今日紹介するドイツ・ボン大学からの論文は、驚くことに壊された赤血球から多くの鉄をため込んだマクロファージが、自律神経に地磁気シグナルを伝えることで、鳩は夜でも目的地へのフライトが可能であることを示した研究で、5月28日号の Science に掲載された。タイトルは「Homing pigeon navigation relies on superparamagnetic macrophages under overcast conditions(鳩の帰巣ナビゲーションは曇り空ででも働くマクロファージの超常磁性に依存している)」だ。

この研究では強い磁場をかけたとき、どの身体の部分が超常磁性を示すかを調べ、肝臓が強く反応することを発見する。超常磁性には当然鉄が必要で、次にどの細胞が鉄を含有するかセルソーティングで調べた結果、クラスII MHCを発現するマクロファージで古い赤血球を肝臓で壊し、そこから多くの鉄を取り込んでいることを確認している。

マクロファージが超常磁性を持つとして、ではどのように脳へシグナルを送るのかを考えるため、肝臓のマクロファージと神経細胞の関係を調べると、肝臓の門脈と中心静脈をつなぐ血管に沿って走る神経と接して存在することを突き止めた。

本当なら、脳にシグナルが伝わっているのか Fos の反応などを用いて調べるところだが、この研究では脳の反応は棚上げにして、すぐ行動実験へと移っている。

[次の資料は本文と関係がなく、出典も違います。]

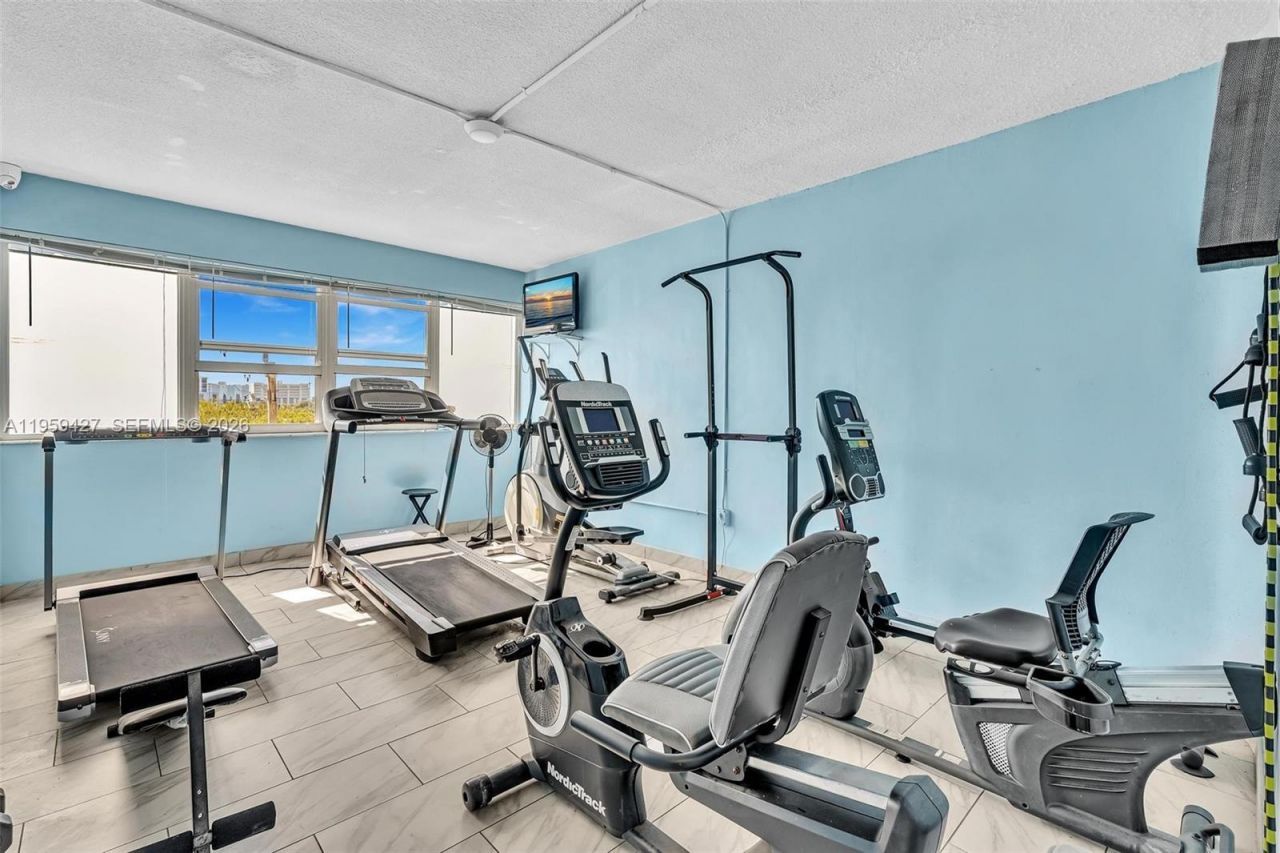 329 SE 3rd St, Unit 403T, Hallandale Beach, FL 33009 Photo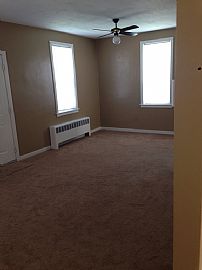 Beautiful 3 Beds 2.5 Baths Single Family Home in Allentown, PA (Photo 8 of 8)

マクロファージに脂肪粒子を取り込ませることで、赤血球取り込みを抑え鉄の蓄積を低下させることが出来るので、このような処理を施した鳩を作成、これを太陽の光を利用できない曇り空で帰巣させる実験を行うと、コントロールは一直線で帰巣するのに、肝臓のマクロファージがブロックされた鳩は、スタートラインをうろうろして元に戻ることが出来ない。一方、同じ処理をしても太陽の光があるときには、肝臓のセンサーがなくても一直線で元に戻る。

以上が結果で、肝臓のクーパー細胞と呼ばれるマクロファージが鳥の地磁気センサーの役割を演じるとは、全く予想外の話で驚く。